*** Block opens ***

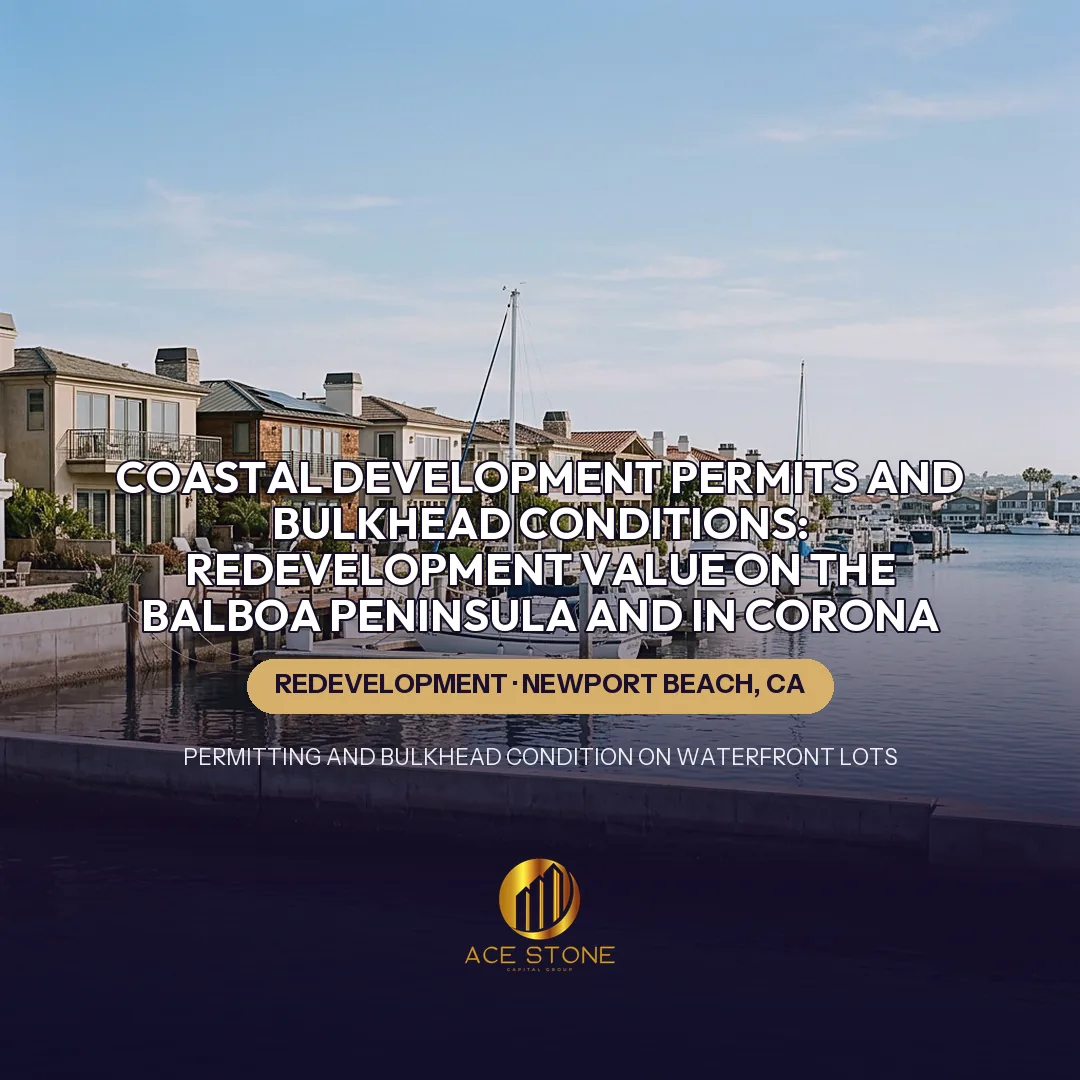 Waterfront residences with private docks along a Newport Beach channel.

*** Block closes ***
*** Block opens ***

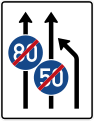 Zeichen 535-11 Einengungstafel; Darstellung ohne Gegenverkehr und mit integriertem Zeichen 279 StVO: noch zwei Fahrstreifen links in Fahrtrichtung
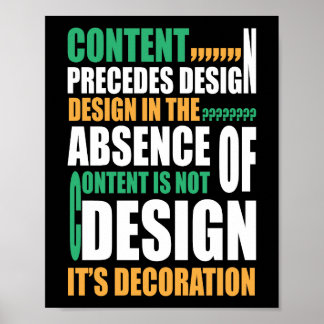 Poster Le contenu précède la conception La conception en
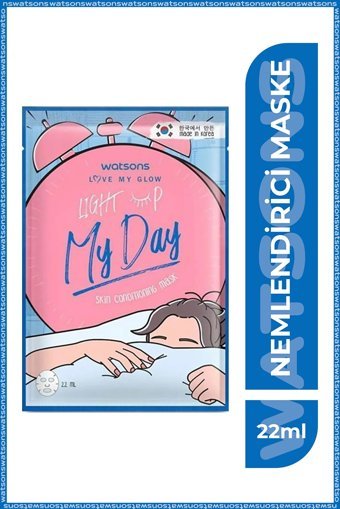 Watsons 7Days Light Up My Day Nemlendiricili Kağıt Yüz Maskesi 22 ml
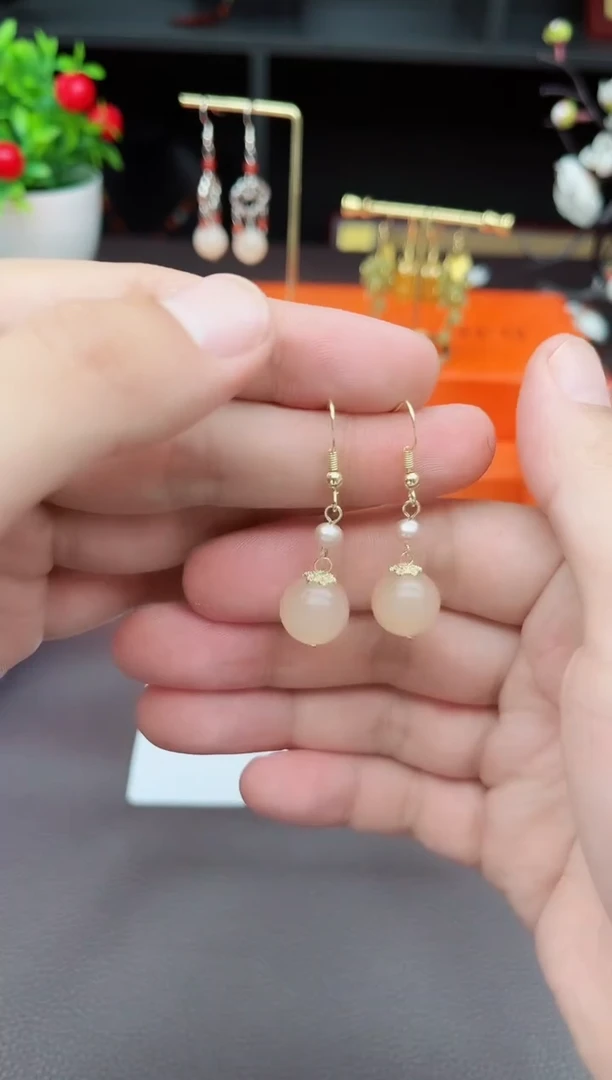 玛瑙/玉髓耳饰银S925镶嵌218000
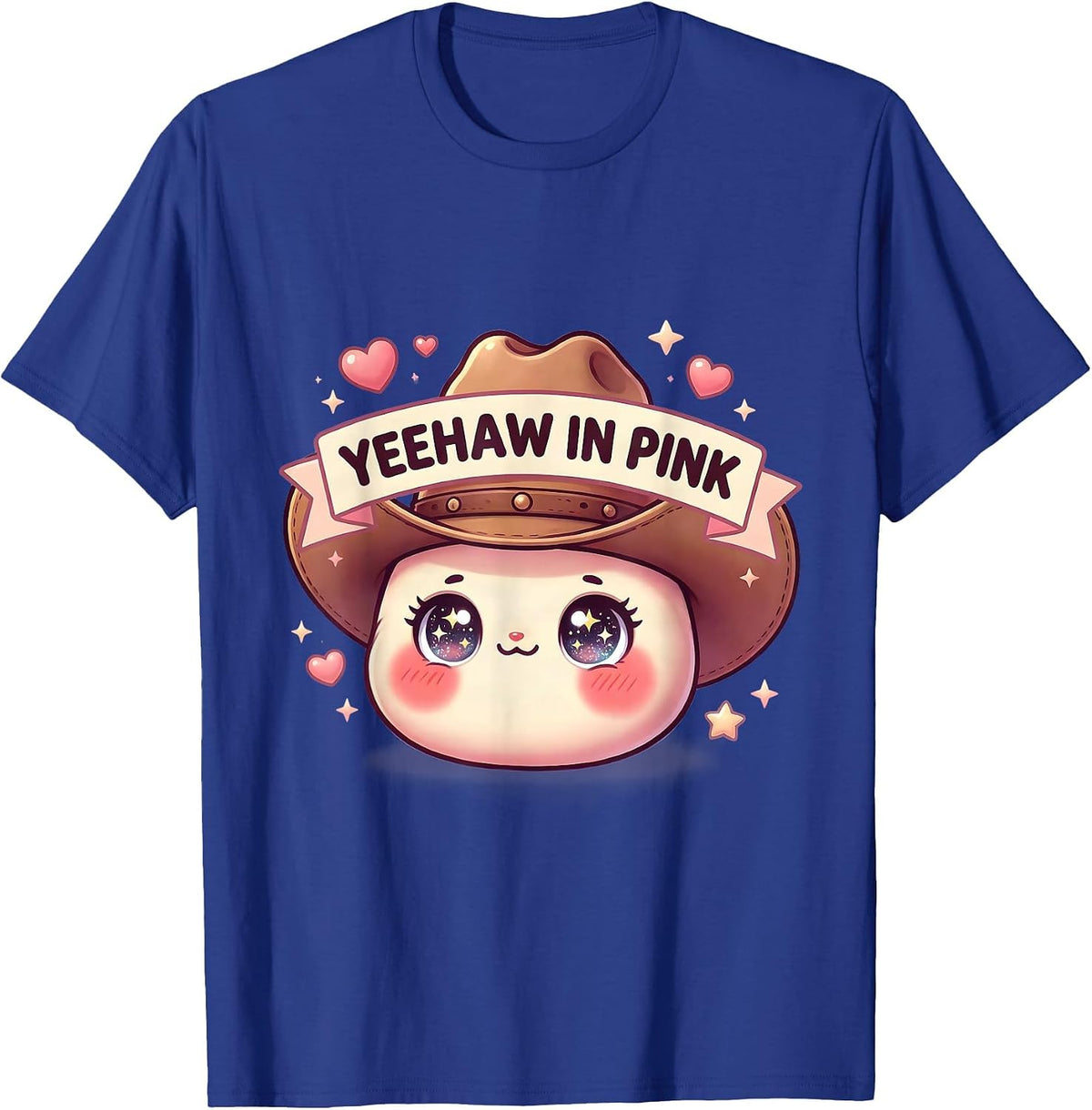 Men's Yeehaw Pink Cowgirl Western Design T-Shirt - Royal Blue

*** Block closes ***

Work to be completed: Only the lines between the one with "Poster Le contenu" and the one with "Men's Yeehaw Pink", those two included, get copied from the material above. Keep it exact and free of pictures.

Response area:
 Poster Le contenu précède la conception La conception en
 Watsons 7Days Light Up My Day Nemlendiricili Kağıt Yüz Maskesi 22 ml
 玛瑙/玉髓耳饰银S925镶嵌218000
 Men's Yeehaw Pink Cowgirl Western Design T-Shirt - Royal Blue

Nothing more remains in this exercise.